This repository implement models described in recent computer vision literature, with a focus on a simple classification task with a classical dataset (MNIST). Three base models are explored: Spatial transformer networks, vision transformers, and SpinalNets. We also implement new variations for two of three of these models, by replacing standard convolutional layers by CoordConv layers.
- Spatial transformer networks (STN)
- Spatial transformer networks + CoordConv layers
- Vision transformers
- SpinalNet
- SpinalNet + STN + CoordConv layers
A complete run of the experiments together with results, comments and references are available in MNIST_benchmarks.ipynb
. These can also be reproduced in the following Colab notebook:
A standalone script
is also provided to reproduce the experiments.

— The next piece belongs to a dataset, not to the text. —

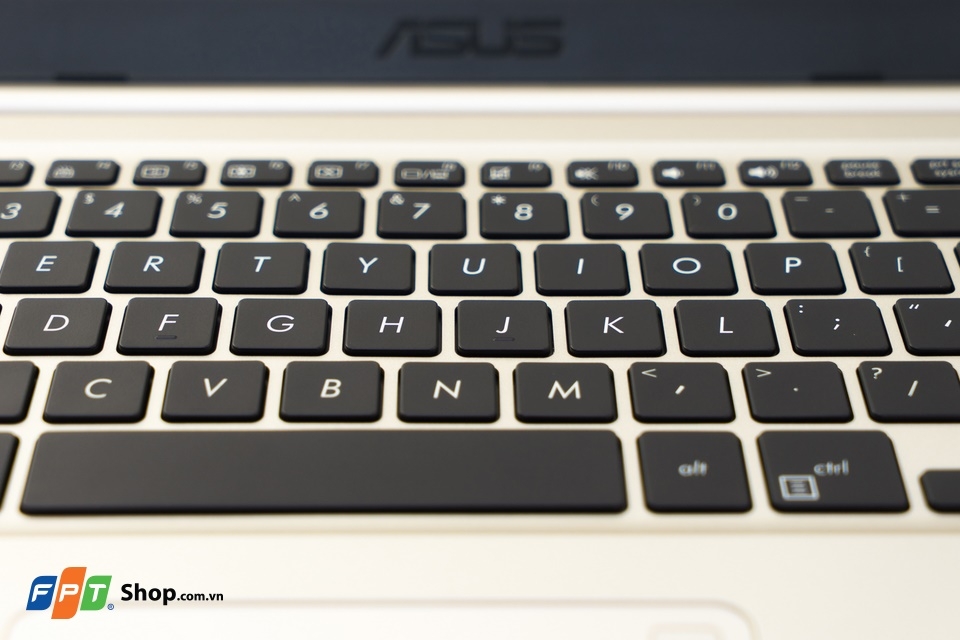 Trên tay Asus Vivobook S15 S510UQ-BQ001T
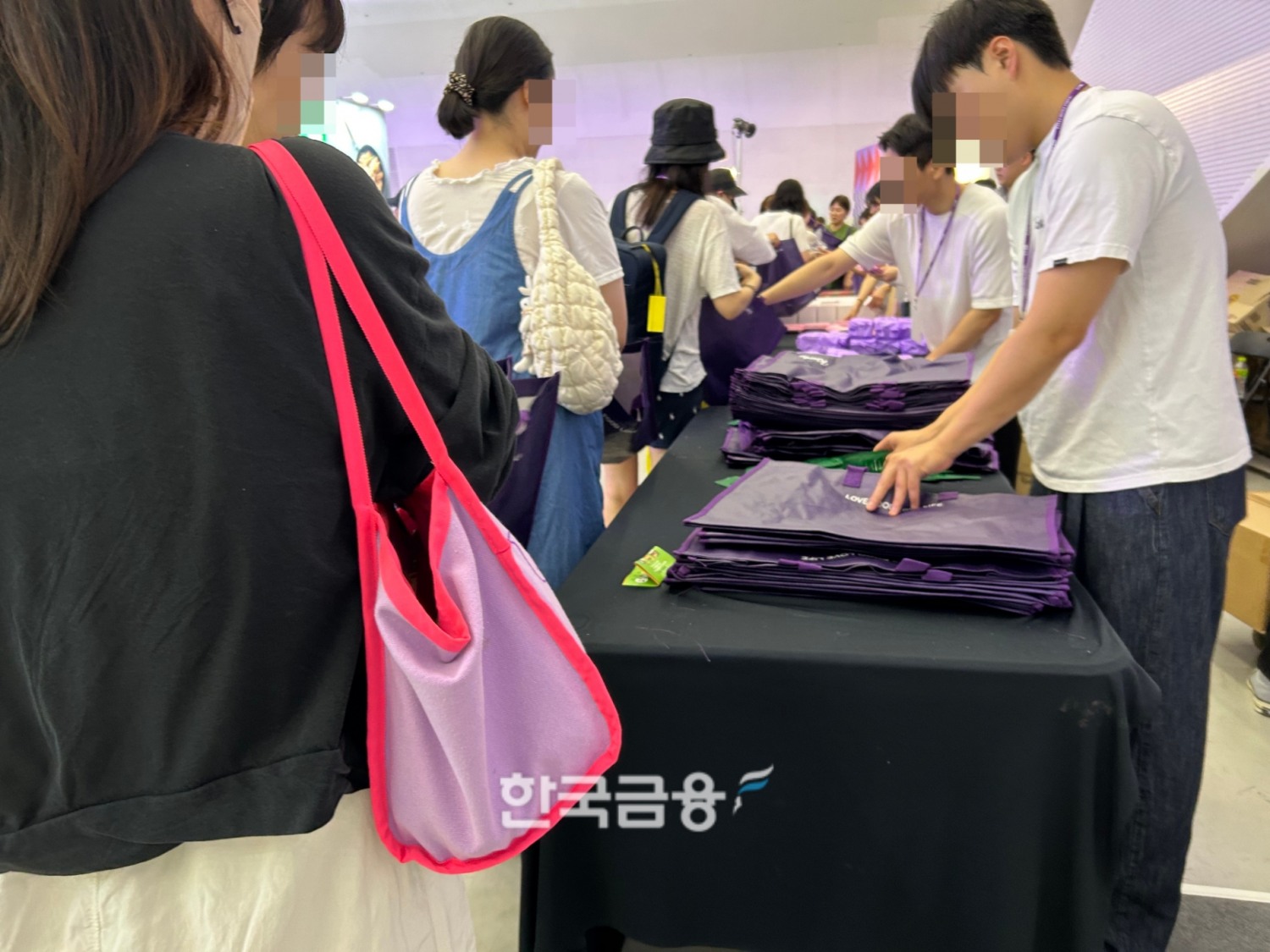 행사장 입구 쪽에 마련된 '웰컴 기프트 존'. 방문객들이 컬리 장바구니를 받고 있는 모습. /사진=박슬기 기자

A few dependencies are necessary and listed in requirements.txt
usage: [-h] [--device {gpu,cpu}] [--workers WORKERS]
[--bs BS] [--maxepochs MAX_EPOCHS]
[--patience PATIENCE] [--mindelta MIN_DELTA]
[--model {stn,stncoordconv,vit,spinal,spinalstn}]
[--localization] [--lr LR] [--logs LOGPATH]
optional arguments:
-h, --help show this help message and exit
--device {gpu,cpu} Device on which to run the experiments. (default: cpu)
--workers WORKERS Number of workers for dataloaders. (default: 2)
--bs BS Batch size. (default: 64)
--maxepochs MAX_EPOCHS
Maximum number of epochs to run the experiment for.
(default: 20)
--patience PATIENCE Number of epochs with no improvement before triggering
early stopping. (default: 5)
--mindelta MIN_DELTA Required improvement in the validation loss for early
stopping. (default: 0.005)
--model {stn,stncoordconv,vit,spinal,spinalstn}
Type of model to train. (default: stn)
--localization Whether to use CoordConv in the localization network.
(default: False)
--lr LR Learning rate for SGD. (default: 0.01)
--logs LOGPATH Directory to store tensorboard logs. (default: logs/)
Tensorboard is used to save the training and validation logs and metrics. By default, the logs are saved in logs/
. To launch tensorboard, use the following line. More details on tensorboard are found here:
tensorboard --logdir=logs/ --port <port> --host <host>